In May, I hope to consciously lead with compassion. One that is reserved for myself, not just others. The kind that begins at home, within. Not as a grand gesture. Not to prove that I am healed or evolving. But simply because I am realizing that compassion is a more sustainable companion than reproach. And maybe in the quietest corners of me, I am beginning to believe I deserve it.

There has been a war of voices inside me for as long as I can remember — for as long as my mom introduced me to ‘Battlefield of the Mind’ by Joyce Meyer when I was a teenager. I knew it wasn’t normal, not the extent to which it occurred. These voices perpetually slept and woke with me. But with age, I realized I wasn’t alone in the struggle of internal orators.

Some of these voices speak in riddles. Some shout in panic. Others whisper warnings at the edge of sleep. They mean well or at least, I believed they did.

For a long time, I met them with resistance. I fought noise with noise, reprimanded fear with fierceness. I believed a perturbed mind needed to be disciplined, silenced, corrected. Dealing chaos with chaos, this was the only way I understood. But that only left me circling the same kind of ache. A bruising ache. One that didn’t come from a place of feeling too much, but from feeling unheard even by myself. I thought self love had to be hard earned.

But it never brought me peace. Hardcore reproach never brought me peace. It only made fear sharper. I tried praying it away, sobbing it away, distracting it, journaling it into metaphors. Still, it lingered. It failed, because I never really stopped to catch a breath without bracing for impact.

Now, I find myself tiptoeing down a different path, a new kind of knowing, a quieter one. Not without fear but not led by it either. I’m learning to hold space for the voices without handing them the mic. I am listening without absorbing, witnessing without self blame. I am trying.

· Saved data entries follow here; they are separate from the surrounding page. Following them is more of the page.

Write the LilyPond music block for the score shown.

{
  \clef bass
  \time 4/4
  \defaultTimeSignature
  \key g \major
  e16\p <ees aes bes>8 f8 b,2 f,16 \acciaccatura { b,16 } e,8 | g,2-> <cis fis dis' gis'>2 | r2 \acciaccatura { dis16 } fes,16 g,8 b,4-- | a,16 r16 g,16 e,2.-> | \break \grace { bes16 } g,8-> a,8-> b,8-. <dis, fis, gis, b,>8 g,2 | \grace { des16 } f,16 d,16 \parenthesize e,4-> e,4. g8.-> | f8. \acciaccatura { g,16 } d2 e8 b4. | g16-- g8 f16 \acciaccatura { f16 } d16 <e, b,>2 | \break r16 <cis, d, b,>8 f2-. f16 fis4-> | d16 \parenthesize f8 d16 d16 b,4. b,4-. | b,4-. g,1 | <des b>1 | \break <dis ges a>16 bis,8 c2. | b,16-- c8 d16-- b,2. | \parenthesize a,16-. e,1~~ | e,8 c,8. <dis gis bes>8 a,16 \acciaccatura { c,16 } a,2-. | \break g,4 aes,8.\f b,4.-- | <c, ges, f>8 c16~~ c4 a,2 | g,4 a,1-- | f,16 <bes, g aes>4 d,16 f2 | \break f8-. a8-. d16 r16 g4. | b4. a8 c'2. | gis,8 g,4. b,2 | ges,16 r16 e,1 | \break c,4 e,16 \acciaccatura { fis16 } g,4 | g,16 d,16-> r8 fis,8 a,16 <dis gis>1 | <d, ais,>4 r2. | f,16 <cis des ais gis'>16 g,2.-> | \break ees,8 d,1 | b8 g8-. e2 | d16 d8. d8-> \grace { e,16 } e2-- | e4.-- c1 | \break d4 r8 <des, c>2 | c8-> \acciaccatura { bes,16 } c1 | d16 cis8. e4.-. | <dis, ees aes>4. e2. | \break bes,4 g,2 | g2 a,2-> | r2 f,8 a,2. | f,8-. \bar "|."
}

And in doing so, I have stumbled upon a stillness, small but real. A voice that doesn’t demand a performance in my head. One that doesn’t promise certainty but offers something gentler…presence. It says, “You’re safe here.

And as I carry on, I want to know calm as a rhythm that is familiar, a feeling that comes as natural as breathing. To grow fond of the absence of distress in a way that honors peace as real and myself as a worthy thing. A space I can inhabit.

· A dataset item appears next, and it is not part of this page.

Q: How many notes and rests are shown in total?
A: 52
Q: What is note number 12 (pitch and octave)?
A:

In May, I want to know what it feels like to be held by my own compassion. To speak to myself the way I would to someone I love. Gently, without urgency. To speak kindly to the parts of me that still flinch. To let softness interrupt the cycle of inner unrest. To let it be enough.

And when I forget, because I will, I hope I return to this place without punishment. Without cruelty. Without dramatics. Just a quiet return, again and again, until I no longer fear my own tenderness and it becomes second nature to lead myself home. Back to myself.